Image-caption web data
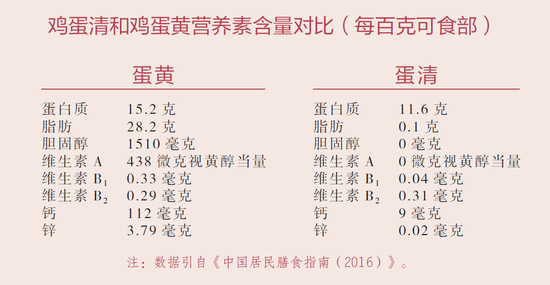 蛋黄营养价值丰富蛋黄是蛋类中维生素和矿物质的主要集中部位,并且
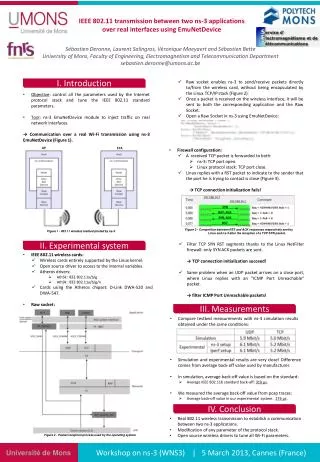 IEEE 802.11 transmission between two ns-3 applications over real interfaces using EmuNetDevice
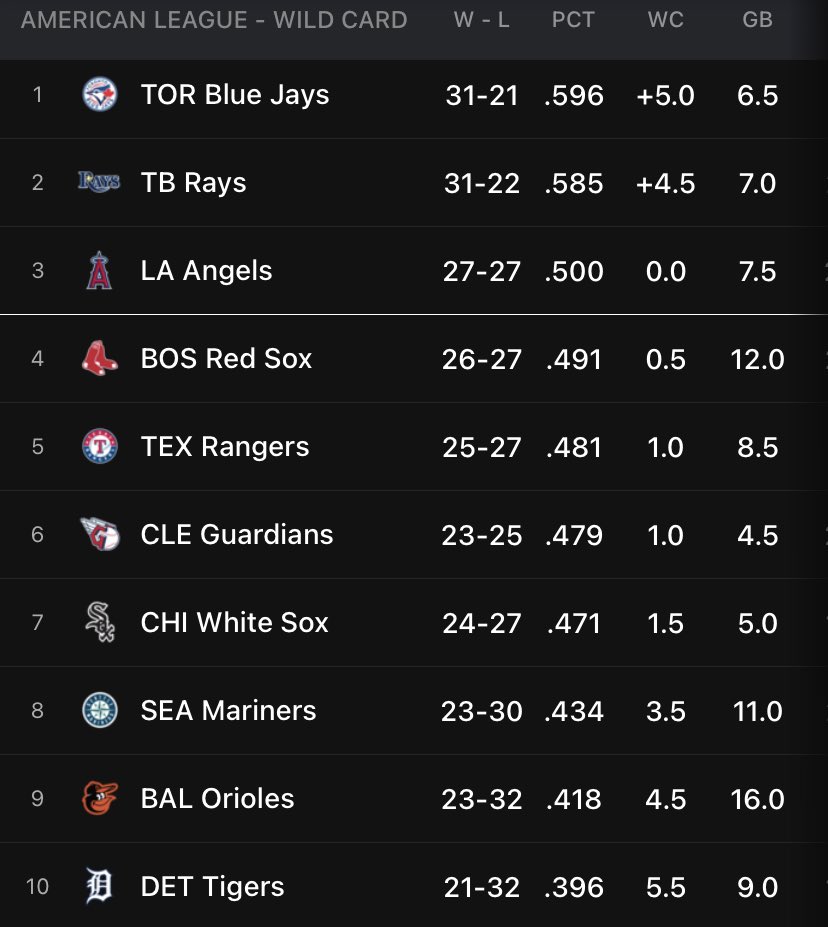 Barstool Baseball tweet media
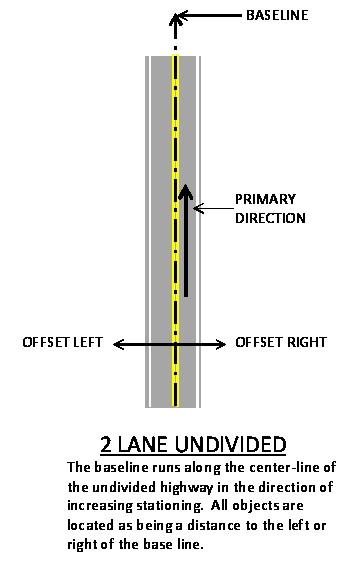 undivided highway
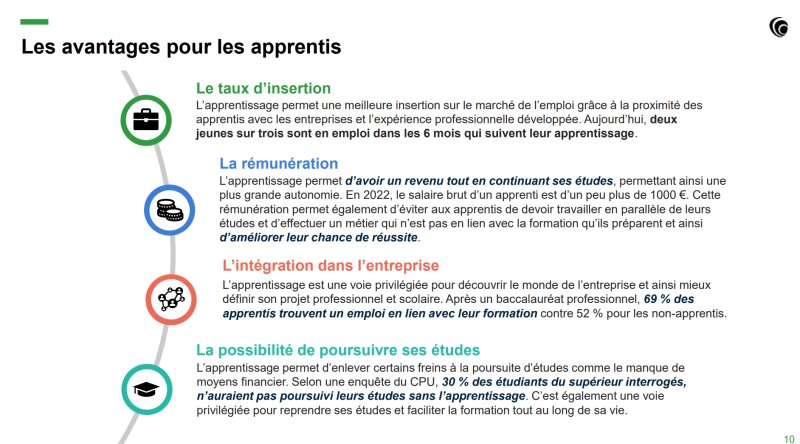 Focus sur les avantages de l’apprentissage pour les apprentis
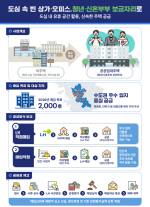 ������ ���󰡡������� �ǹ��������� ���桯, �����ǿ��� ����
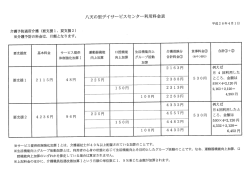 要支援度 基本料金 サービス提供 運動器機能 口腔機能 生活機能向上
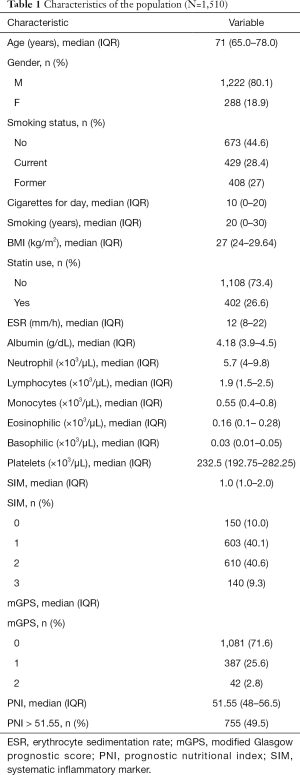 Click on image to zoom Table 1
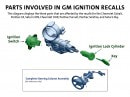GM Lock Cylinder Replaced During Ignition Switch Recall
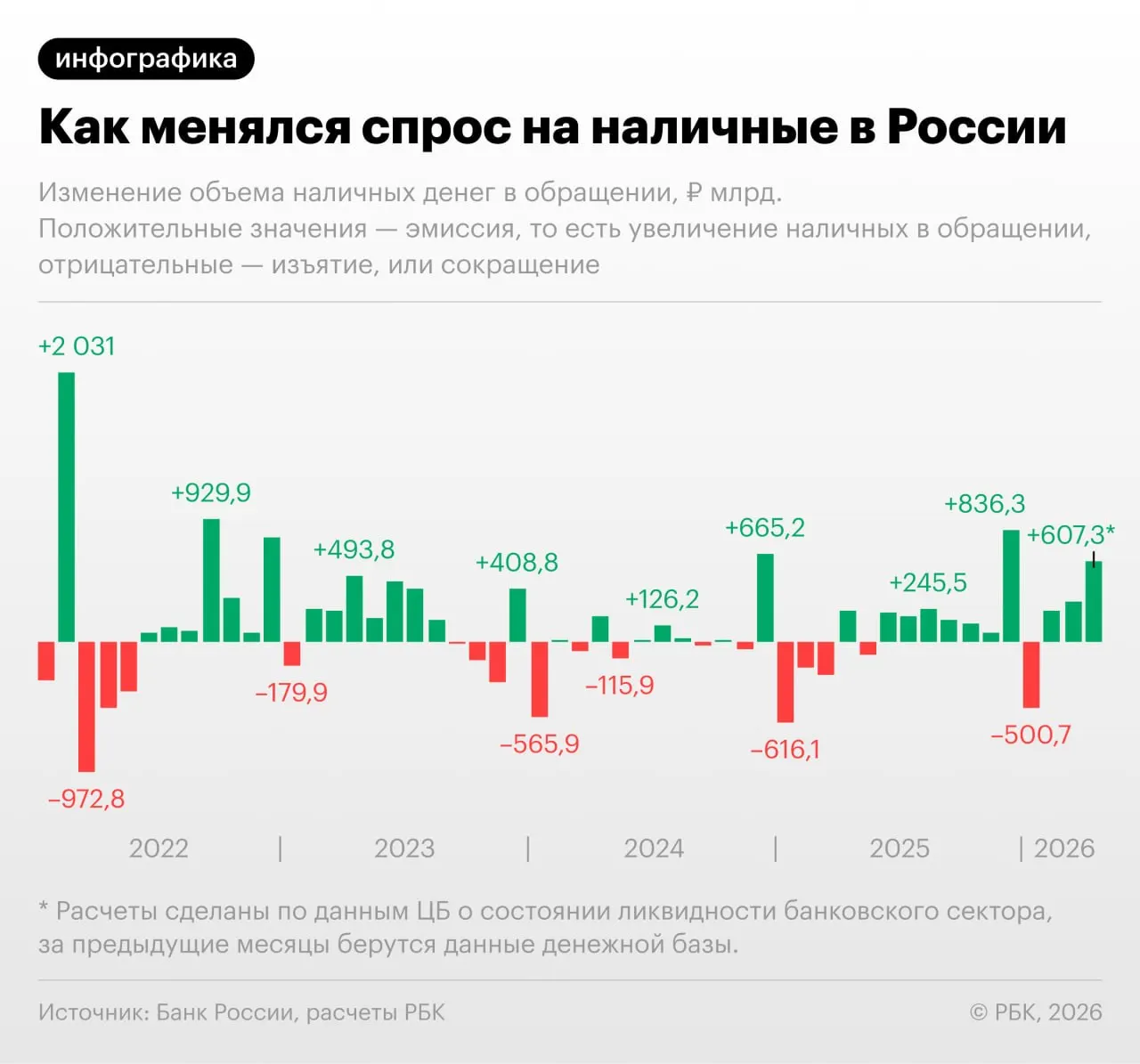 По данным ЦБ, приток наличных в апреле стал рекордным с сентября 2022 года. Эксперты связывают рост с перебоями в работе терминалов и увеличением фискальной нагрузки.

## Activity
I would like an exact copy of the lines from the one holding "要支援度 基本料金 サービス提供 運動器機能 口腔機能 生活機能向上" through the last line of the entries above, with the pictures left out.

## Response area
 要支援度 基本料金 サービス提供 運動器機能 口腔機能 生活機能向上
 Click on image to zoom Table 1
GM Lock Cylinder Replaced During Ignition Switch Recall
 По данным ЦБ, приток наличных в апреле стал рекордным с сентября 2022 года. Эксперты связывают рост с перебоями в работе терминалов и увеличением фискальной нагрузки.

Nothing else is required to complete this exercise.